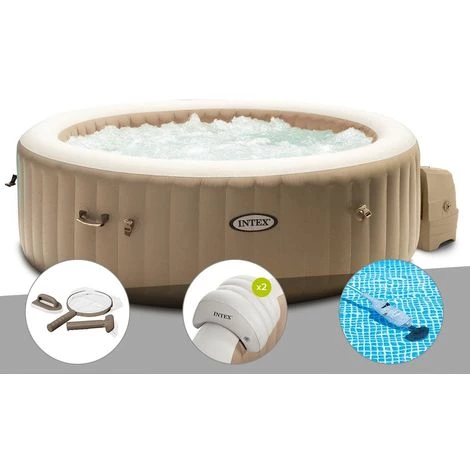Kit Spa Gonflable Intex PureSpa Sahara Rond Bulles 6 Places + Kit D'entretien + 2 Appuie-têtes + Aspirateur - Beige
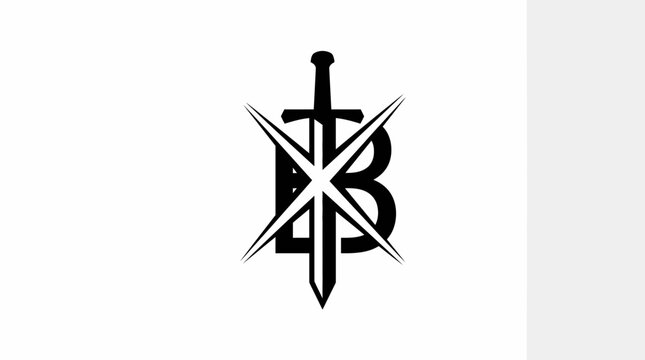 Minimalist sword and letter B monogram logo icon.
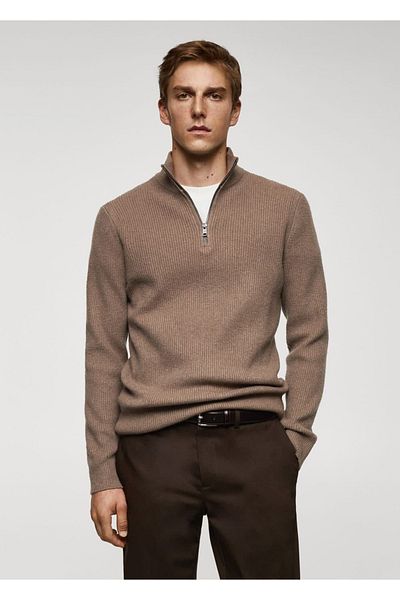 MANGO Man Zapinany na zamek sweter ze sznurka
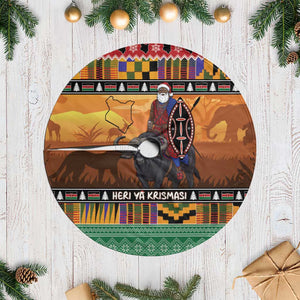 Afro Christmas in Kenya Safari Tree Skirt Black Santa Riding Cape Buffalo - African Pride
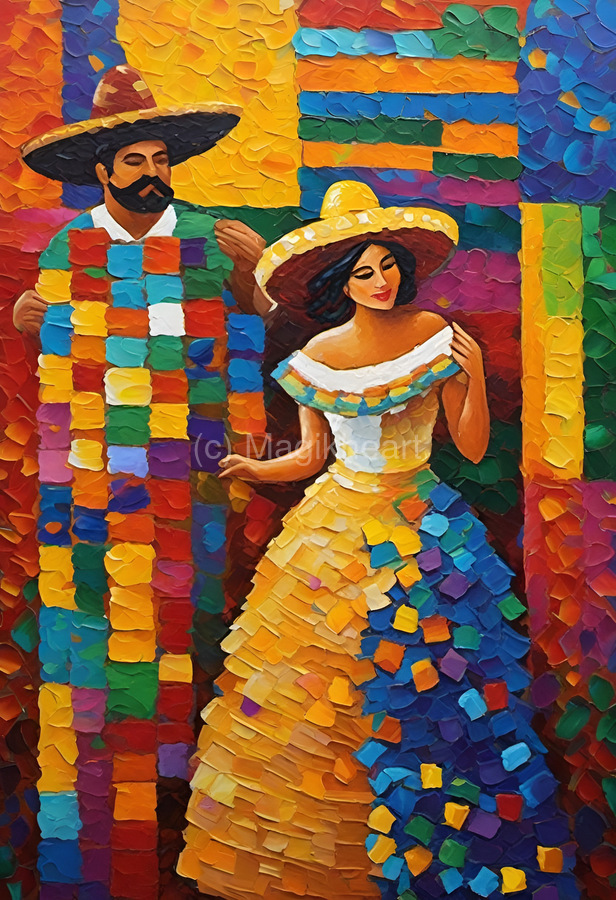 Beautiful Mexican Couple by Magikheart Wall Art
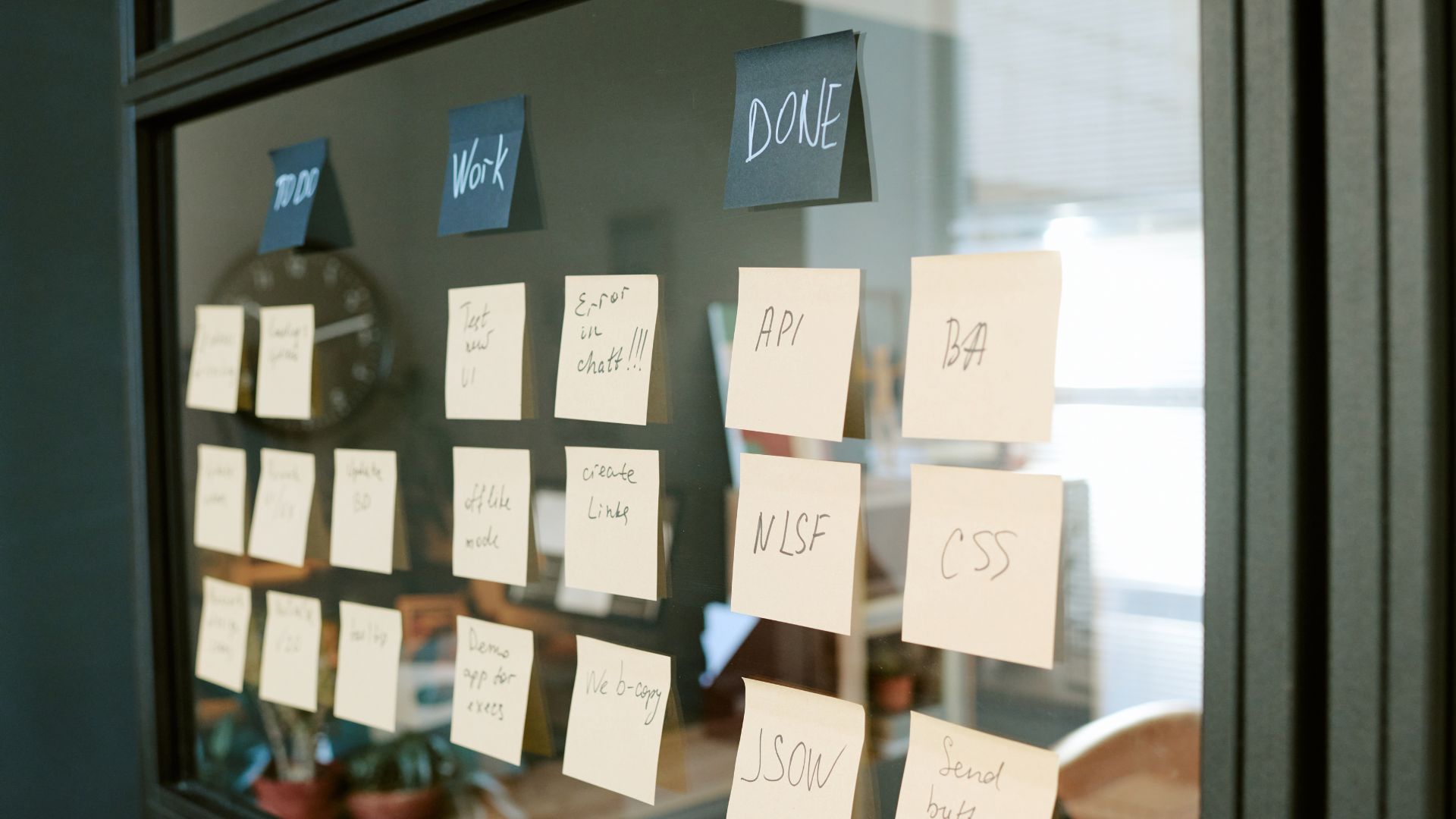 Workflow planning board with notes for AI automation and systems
+-------+
Required work. Once the pictures are removed, set down what remains of the entries above exactly.

Your response.
Kit Spa Gonflable Intex PureSpa Sahara Rond Bulles 6 Places + Kit D'entretien + 2 Appuie-têtes + Aspirateur - Beige
 Minimalist sword and letter B monogram logo icon.
 MANGO Man Zapinany na zamek sweter ze sznurka
 Afro Christmas in Kenya Safari Tree Skirt Black Santa Riding Cape Buffalo - African Pride
 Beautiful Mexican Couple by Magikheart Wall Art
 Workflow planning board with notes for AI automation and systems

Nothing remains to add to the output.